**WHAT IS BEING ASKED**
Note the line containing "Born2be - Beżowe"; from it through the last line below, give only those lines again, exactly, both ends included, skipping pictures.

**ENTRIES PROVIDED**
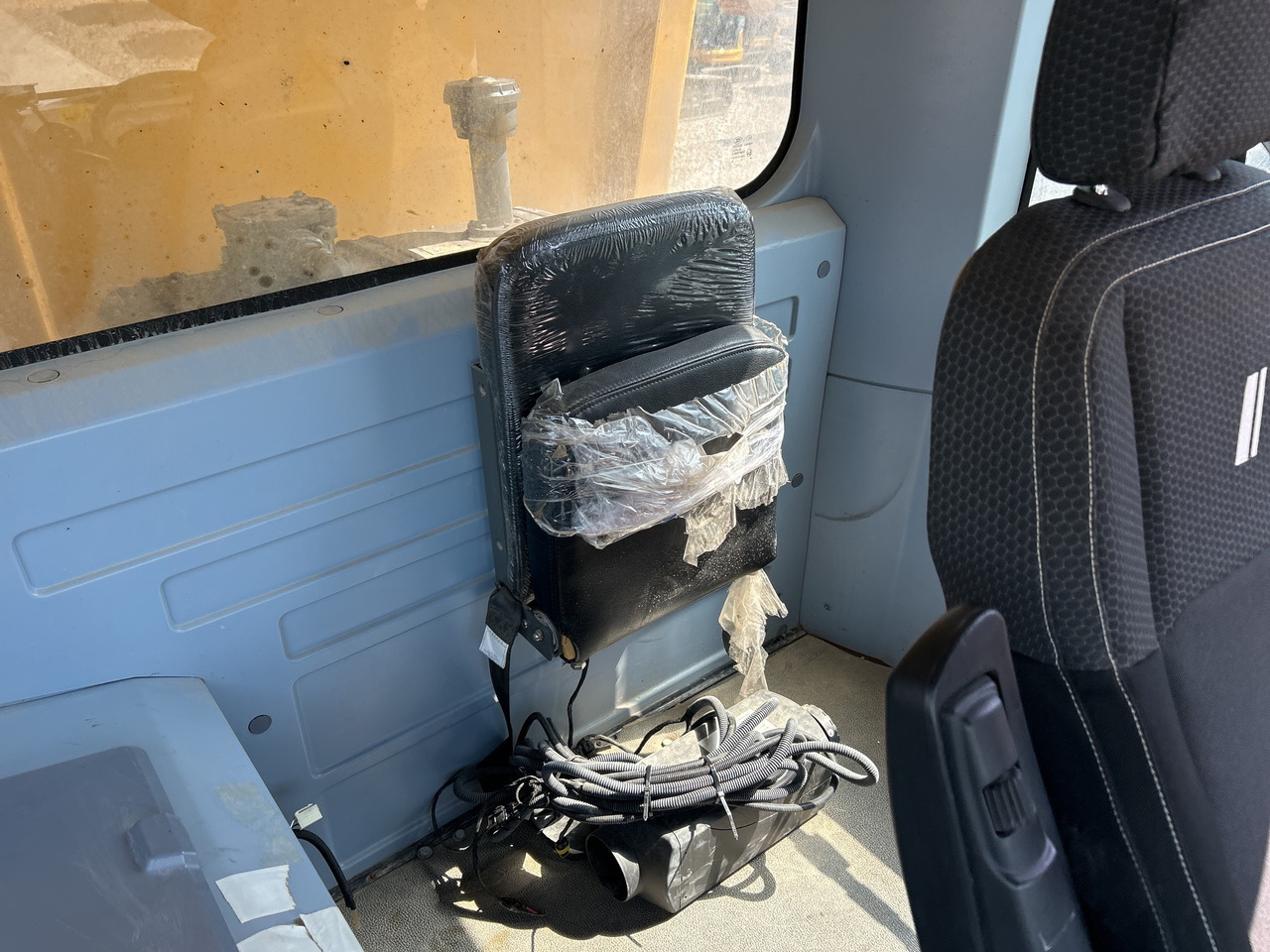 XCMG XDR85T large 85ton mining truck wheeled - Горнодобывающая техника: фото 3 XCMG XDR85T large 85ton mining truck wheeled - Горнодобывающая техника: фото 3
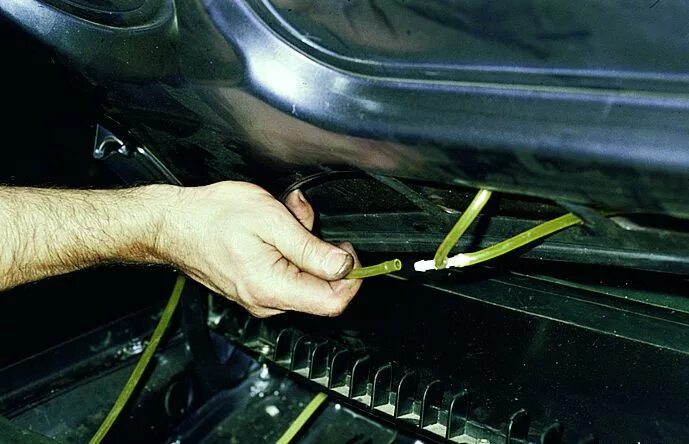 Поменял форсунку омывателя заднего стекла - Volvo V70 II, 2,4 л, 2003 года своим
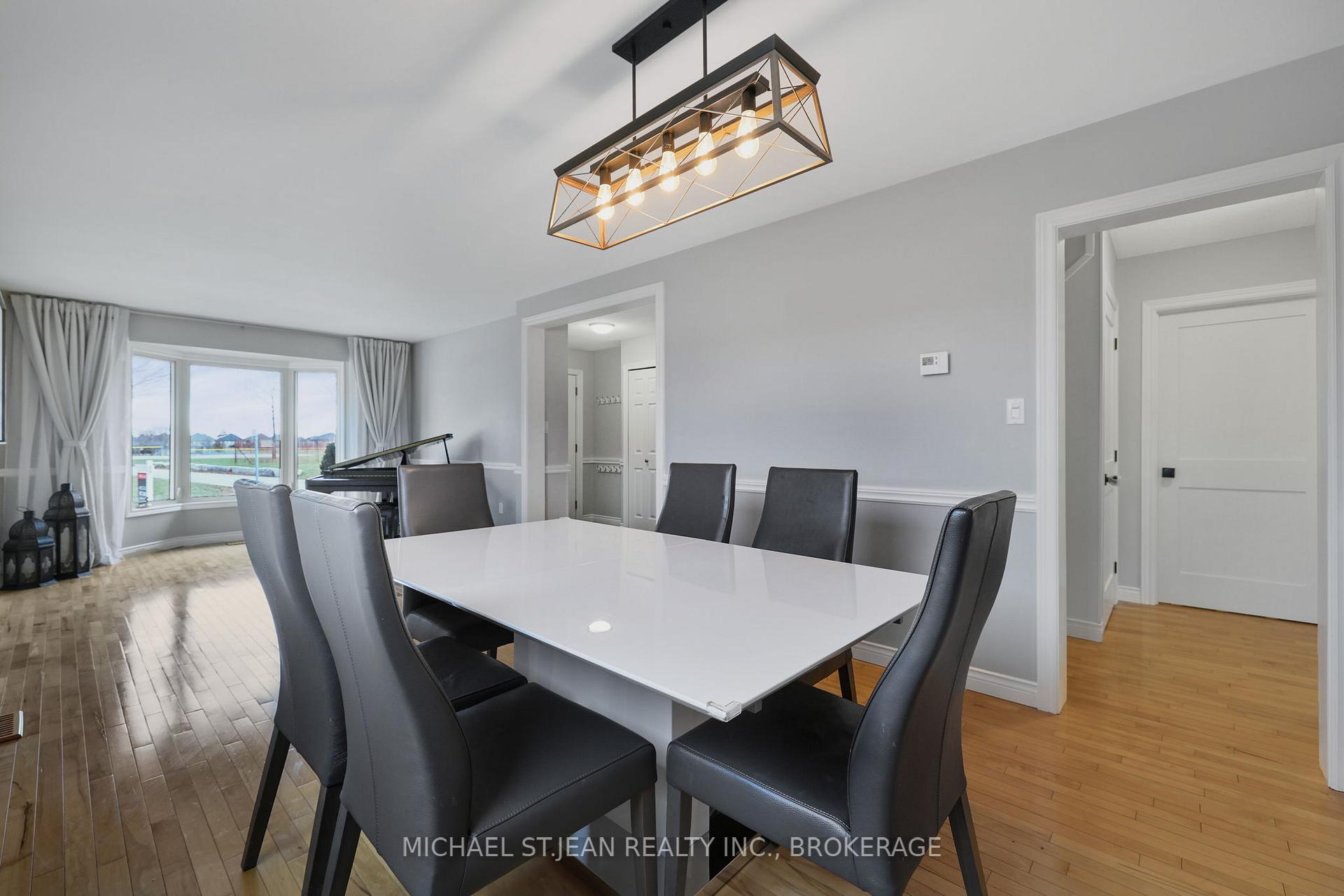 Photo 8 of 241 Bonaventure Drive, Hamilton, Gilbert — HOMEH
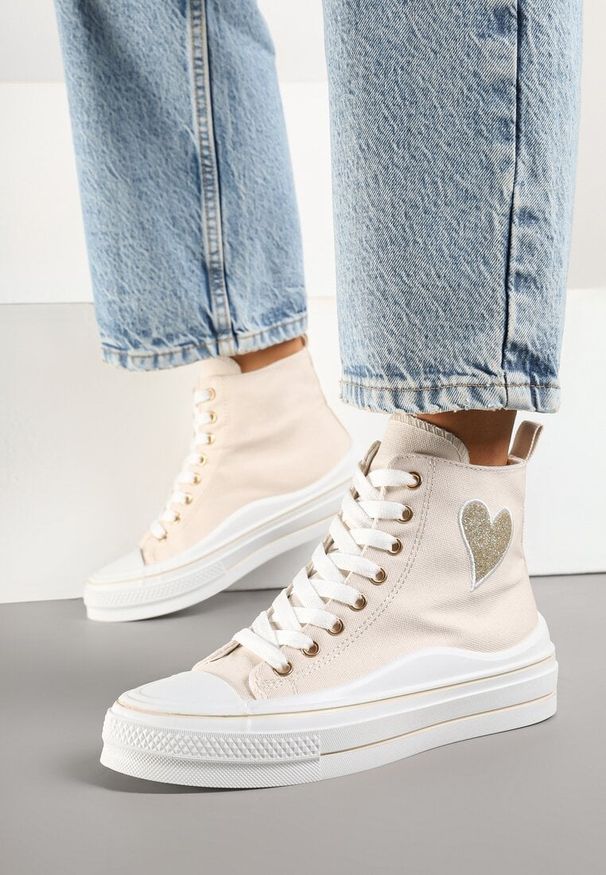 Born2be - Beżowe Trampki na Grubej Podeszwie z Sercem Ellivasa. Okazja: na spacer, na co dzień. Zapięcie: sznurówki. Kolor: beżowy. Materiał: jeans. Szerokość cholewki: normalna. Wzór: aplikacja. Styl: elegancki, sportowy, casual, klasyczny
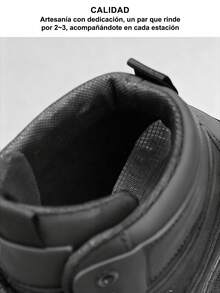 Botas de montaña para hombre,Botas de trabajo duraderas,Novedades de otoño: zapatillas deportivas de moda para papá, de color liso, con suela gruesa antideslizante y resistente,botas, zapatos deportivos para exteriores, botas de senderismo, exploración, construcción, granja, vaquero, versátil - Gris - Ver 7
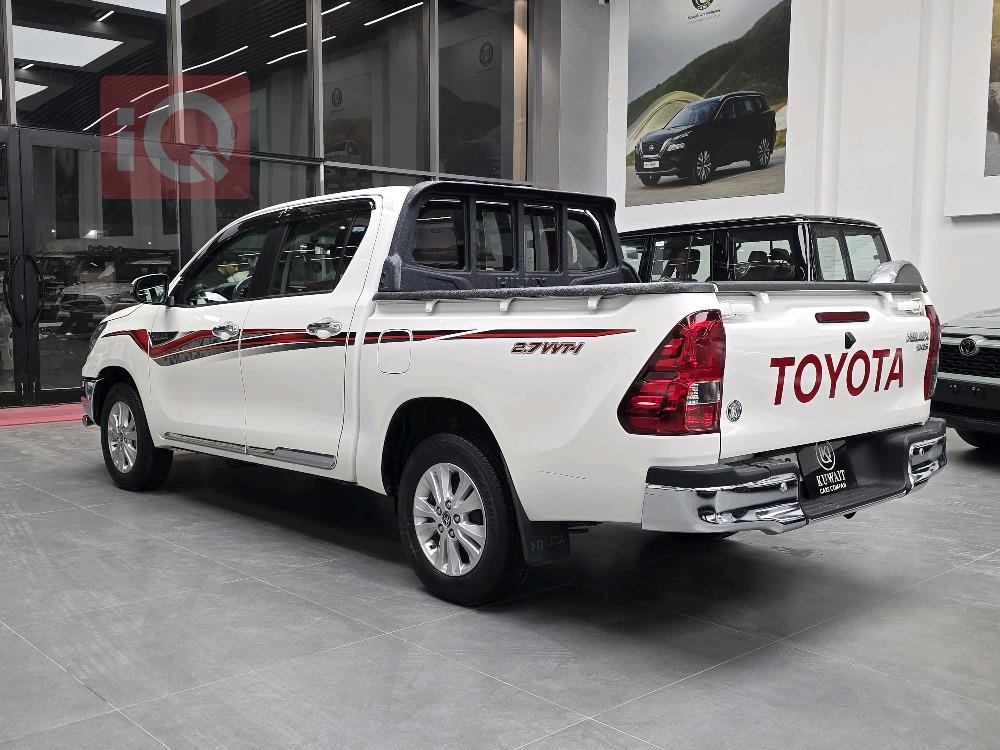 تويوتا هايلوكس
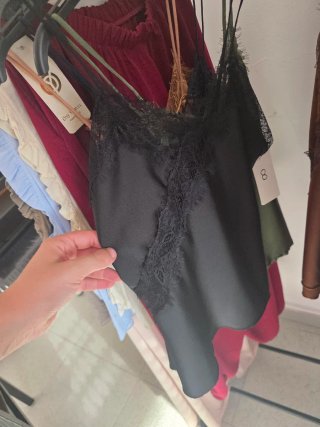 Top lencero marrón con encaje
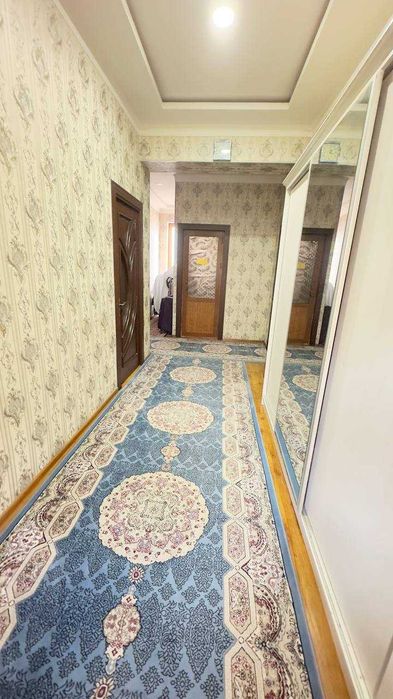 Zangiota Tumani Shakarchila Maxalada hovli sotiladi.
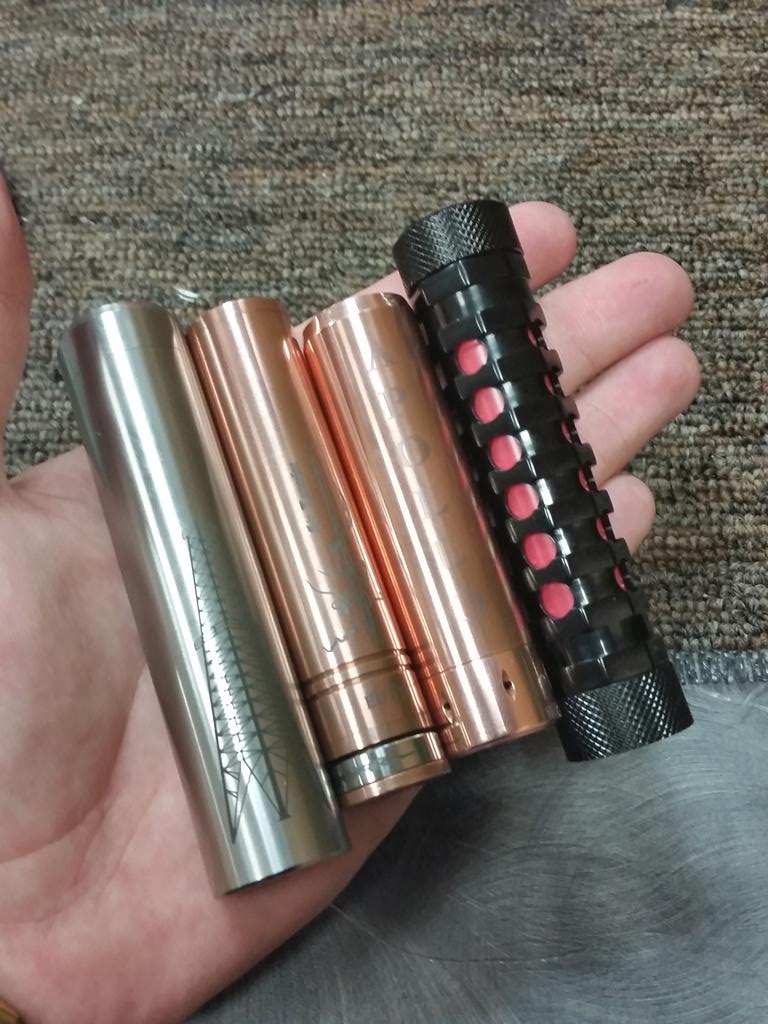 VapingCuz's tweet photo. Handcheck! #modsmodsmods #vapelyfe #vapeporn #cloud #dripping #VaporWay #Huntingtonbeach #newmods #vgod http://t.co/TZIPtFPcyS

**PROBLEM SOLUTION**
 Born2be - Beżowe Trampki na Grubej Podeszwie z Sercem Ellivasa. Okazja: na spacer, na co dzień. Zapięcie: sznurówki. Kolor: beżowy. Materiał: jeans. Szerokość cholewki: normalna. Wzór: aplikacja. Styl: elegancki, sportowy, casual, klasyczny
 Botas de montaña para hombre,Botas de trabajo duraderas,Novedades de otoño: zapatillas deportivas de moda para papá, de color liso, con suela gruesa antideslizante y resistente,botas, zapatos deportivos para exteriores, botas de senderismo, exploración, construcción, granja, vaquero, versátil - Gris - Ver 7
 تويوتا هايلوكس
 Top lencero marrón con encaje
 Zangiota Tumani Shakarchila Maxalada hovli sotiladi.
 VapingCuz's tweet photo. Handcheck! #modsmodsmods #vapelyfe #vapeporn #cloud #dripping #VaporWay #Huntingtonbeach #newmods #vgod http://t.co/TZIPtFPcyS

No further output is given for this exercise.